Stream-ETS: Low-latency End-to-end Speech Synthesis from Electromyography Signals
Conference: Speech Communication - 15th ITG Conference
09/20/2023 - 09/22/2023 at Aachen
doi:10.30420/456164039
Proceedings: ITG-Fb. 312: Speech Communication
Pages: 5Language: englishTyp: PDF
Authors:
Scheck, Kevin; Ivucic, Darius; Ren, Zhao; Schultz, Tanja (Cognitive Systems Lab, University of Bremen, Germany)
Abstract:
The electromyographic activity of articulatory muscles provides information about the speech production process.
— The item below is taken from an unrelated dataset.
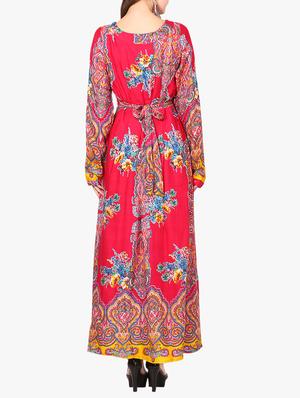 red printed maxi dress - 14887791 - Standard Image - 3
As such, Electromyography (EMG) signals are investigated for speech communication methods without acoustic speech in the context of Silent Speech Interfaces. For this, EMG-to-Speech (ETS) models predict acoustic speech from EMG signals captured during articulation. In this work, we propose Stream-ETS, a streamable end-to-end ETS system. Its architecture consists of a causal EMG encoder, processing EMG signals to Mel-spectrograms, and a causal neural vocoder, which predicts the acoustic speech signal. Using a GPU, Stream-ETS outputs acoustic speech from 10 millisecond chunks of EMG in approx. 8 milliseconds, making the system perform in real-time with a low-latency. We first pre-train both components and then perform end-to-end fine-tuning. Experiments indicate that end-to-end training increases the naturalness of the speech synthesis.